Its still there, the home of the famous Gutbuster. Not £3 now though.
http://www.marketdinerbrighton.co.uk/
Grindleford Station Caff
(In)famous amongst the climbing/biking/walking community in The Peak. Sadly the hilariously curmudgeonly owner has passed away, but his spirit lives on in the many signs around the premises. And in the 'No mushrooms!' policy. Check the comments below this review:
http://russelldavies.typepad.com/eggbaconchipsandbeans/2004/07/grindlefo...
One of a kind.
In there at the weekend
Glorious day and it's the perfect stop for a round walk up Padley Gorge and along Stanage to Curbar and back.
The old fella may have died but his spirit lives on. My favourite sign by the counter;
"We only make one customer happy per day. Today is not your day. Tomorrow never comes. Deal with it.".
A while back there was a post about "Britishness" -
- well, this discussion is a perfect example!
Alpino caff, Chapel market Islington, a few years ago now ...
Overheard a certain Mr Hepworth pitching an idea for a new music magazine. Always wondered what became of that!!
E. Pellicci ...
... on Bethnal Green Road. After the closure of the much missed New Piccadilly on Denmark Street this has got to be the best cafe in London. Worth a special trip.
http://www.timeout.com/london/restaurants/venue/2:1001/e-pellicci
Planet Mondo
http://planetmondo.blogspot.com/2011/03/food-week-londons-most-classic-c...
Mr Mondo only just wrote about that last week.
Seconded
Pellicci's cafe in Bethnal Green is well worth a visit. It's not so much a greasy spoon as a proper old-fashioned Italian caff, of the type that were once plentiful in London, and a gem in an otherwise grim area.
That would be Beppe's
another fine old Italian run establishment thankfully swimming against the incessant tide of awful Starbucks and Costas. Try to visit, they need our support.
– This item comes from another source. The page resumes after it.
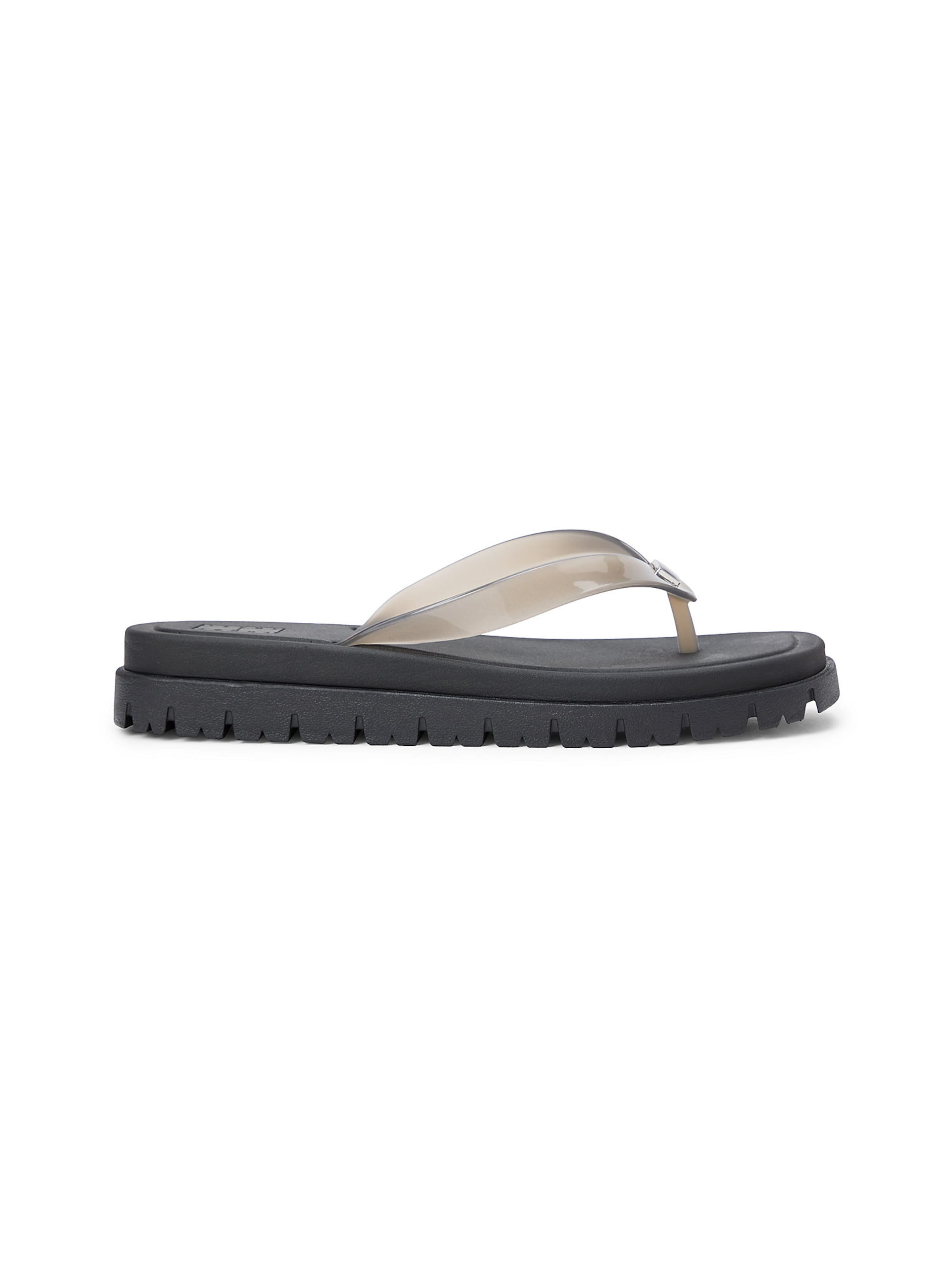 Tommy Jeans T-bar sandals in Black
Hall of the Mountain Grill
Did anyone here ever go there?
Mountain Grill?
I think you'll find Leslie West has his own table by the door.
(Escapes through window clutching coat)
Apart from Dave Brock, you mean?
I bet it was a vegetrian place. Which did "interesting" brownies.
Cafe Cherubini
Great Western Road, Glasgow
Best sausages I have ever eaten.
As I am in Glasgow this weekend I fully intend eating some.
Scarborough cafés
I see Mojos has moved from its previous location, it always appealed hugely with its combination of caffeine, cake and CDs and is a compulsory stopping place for the Clefs.
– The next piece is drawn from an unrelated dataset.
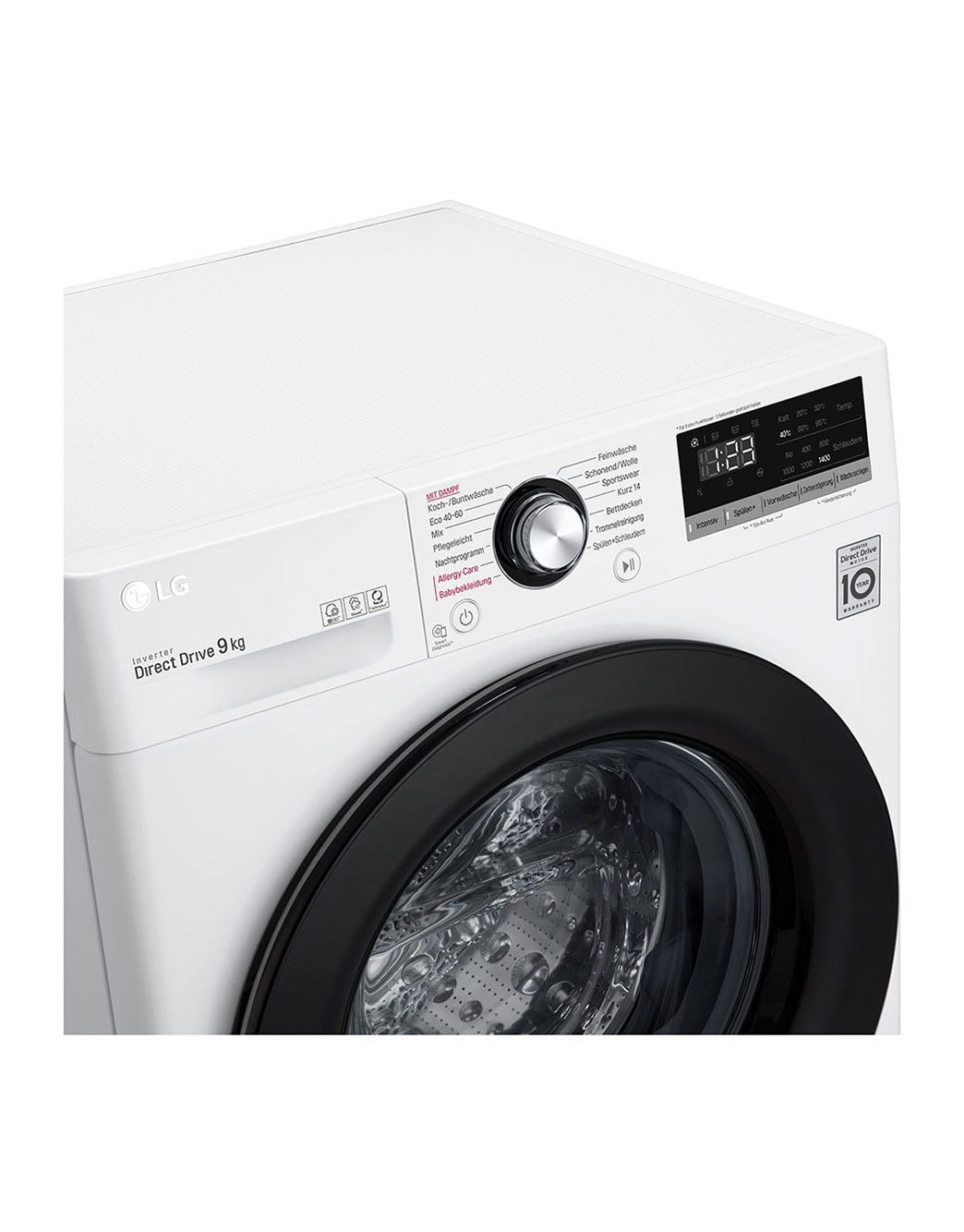 LG F4WV309SB washing machine Front-load – image 5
I was hugely disappointed to see the 20s style Corner Café at the North Bay demolished to make way for the 'apartment block', but that's progress for you.
The North Bay café is more your traditional caff and ideal to dash into to escape the elements.
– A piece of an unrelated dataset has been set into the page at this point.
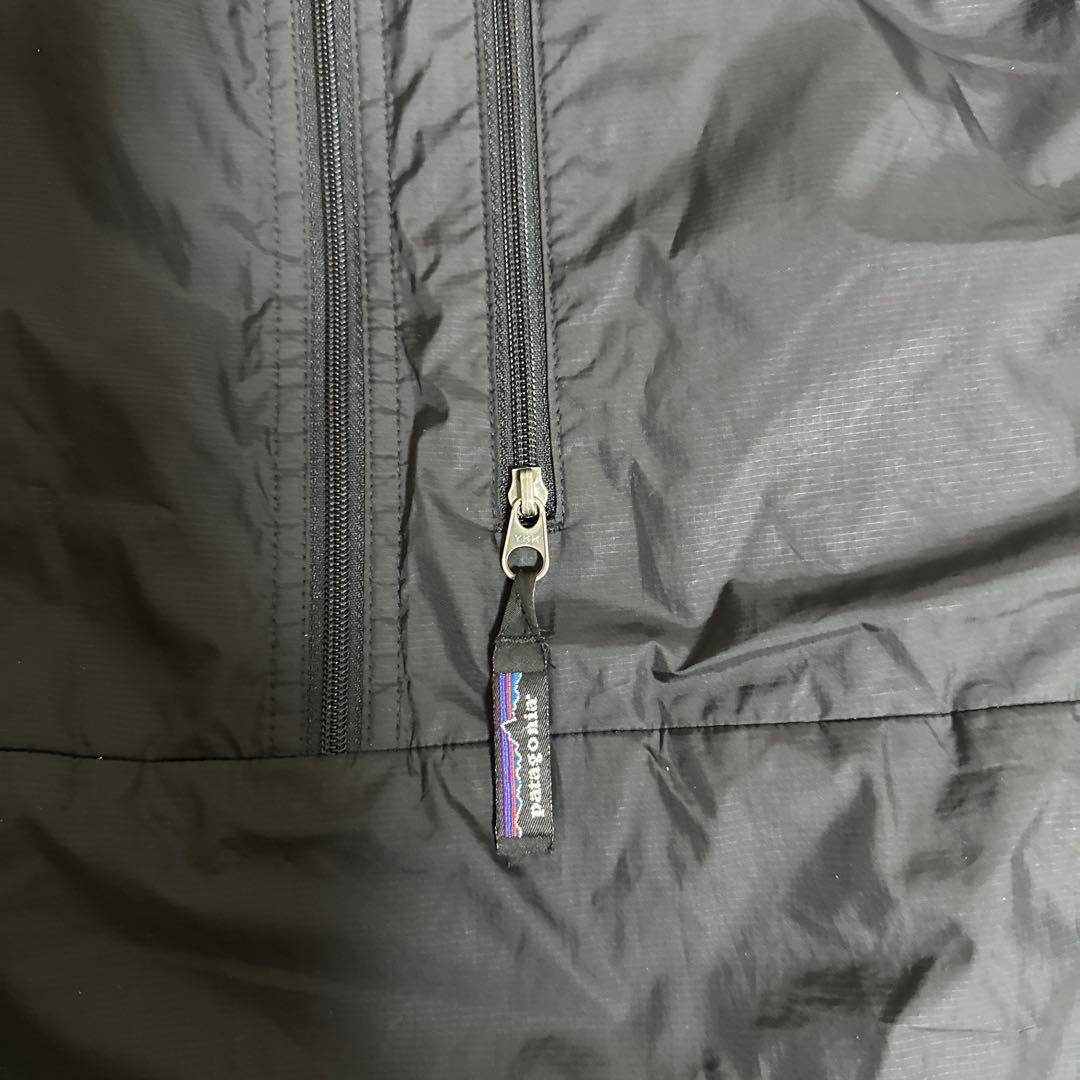 C*o様 Patagonia パタゴニア パフボールベスト プルオーバー 黒/青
But which is the best fish and chip shop in Scarborough? If not the UK? I feel a whole new thread coming on.
My Grandad used to take me
My Grandad used to take me to the Corner Café as a youngster, I have memories of eating NICE biscuits there, whilst my brother ran havoc under the tables.
Scarborough is quite poor re fish and chip shops, I’m allergic to fish, but the chips and fish (I’m told) are usually okay from Capplemans off Northway and Seamer Chip shop on the outskirts. You should start a fish and chips thread!
Pie and Mash
Thanks for the shout Simon, perhaps off-topic, but I've also been on a buzz for Pie and Mash lately - taste test and scores on the doings here..
http://planetmondo.blogspot.com/2011/03/food-week-pie-mash-and-liquor.ht...
http://planetmondo.blogspot.com/2011/03/pie-in-this-guy.html
Terror
As well as "The Breakfast Of Justice" rumour has it that MOJOS in Scarborough now does a special under the counter "Breakfast Of Terror".